Results and Discussion

The classification obtained using the ROC method is in general better than those obtained for the other methods in all cases, but MRMRd and MRMRq using the third approach. These results could be expected since the MRMR criterion is recognised as one of the most powerful techniques for feature selection (Peng et al. 2005; Ponsa and López 2007). The success of ROC approach is similar to that obtained using the rest of the methods tested. The differences are not significant and therefore we cannot say that our approach is better than the others in terms of decay detection accuracy. It is, however, important to highlight that the best results are achieved using the ROC method for all tests and all approaches. This result should to be taken into account because it is probably due to the fact that this method not only evaluates the features selection but also optimises the performance of the classifier. Therefore, having similar results, ROC method can achieve slightly better scores.

Table 1 shows the results of the classifier performance evaluation using the different sets of features provided by the feature selection methods, described above, corresponding to the test I. The accuracy, achieved with the ROC method, is higher than that obtained with the other methods, except for MRMR in approach III. However, on one hand, minimal redundancy methods try to extract the features with a high degree of relevance, avoiding those features with redundant information. On the other hand, ROC is a method that provides those bands that were used in a classification problem which fit a classifier in a much robust way in terms of accuracy and significance of the model.

Table 1 Results of the classifier performance evaluation using the features selected by the different methods for each approach, but being possible a different number of features for each case (test I)

In general, the rest of the methods saturate the criterion of success with fewer bands than those selected by the ROC. This, in theory, means that to reach more approximate results than ROC, the number of bands needed by these methods should be higher. Therefore, the test II was used in order to check the performance of the ROC method using the same number of bands, being six for the first approach, seven for the second approach and four for the third one. As shown in Table 2, the ROC feature method provides higher scores than most of the feature selection methods used in this study. As it happens in test I, the only two methods surpassing the ROC are MRMRd and MRMRq for the third approach. This fact shows that, in the most pessimistic scenario for ROC method (permitting an increase of the number of features for the rest of the methods), it obtains better results than the others except in the case of MRMR methods in approach III. Even though the differences with the other methods are small since all of them are good feature selection methods, in the case of the approach II, which is probably the most realistic scenario in the real world, the ROC method is clearly the one that obtains better accuracy.

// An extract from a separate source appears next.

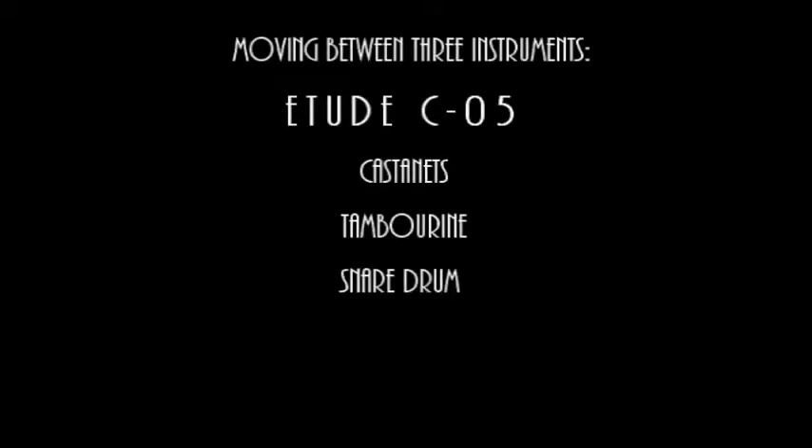It's number 25 in a series of 80 etudes. The 10 etudes in the C series feature movement between three instruments.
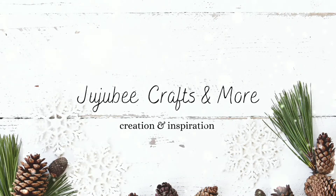Hi, welcome back to my channel. If you're new here, I am Sarah with Jijubee Crafts and More. Thank you so much for joining me today. Today I'm bringing you four DIYs using Dollar Tree products and also some decorative paper that I picked up at Michael's. I hope you enjoy this video. Let's get started.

Table 2 Results of the classifier performance evaluation using the features selected by the different methods for each approach, but always employing the same number of features for each method (test II)

Conclusions

In the first test, the classification average success rate obtained using the ROC method is greater than that obtained for the other methods in almost every case, except for MRMRd and MRMRq using the third approach. When we use the same number of features for all the methods, the ROC feature method provides generally better results than most of the feature selection methods used in this comparative study, being the average success rate for ROC almost always greater than that obtained for the other methods, only being surpassed by the MRMR methods for the third approach.

Therefore, the ROC feature selection method is a suitable feature selection technique that can be applied with success to multiclass classification problems with a huge amount of features such as the segmentation of hyperspectral images to detect decay in citrus fruit, having at least similar results than other recognised feature selection methods but with the advantage of to optimise, by its nature, the performance of the classifier.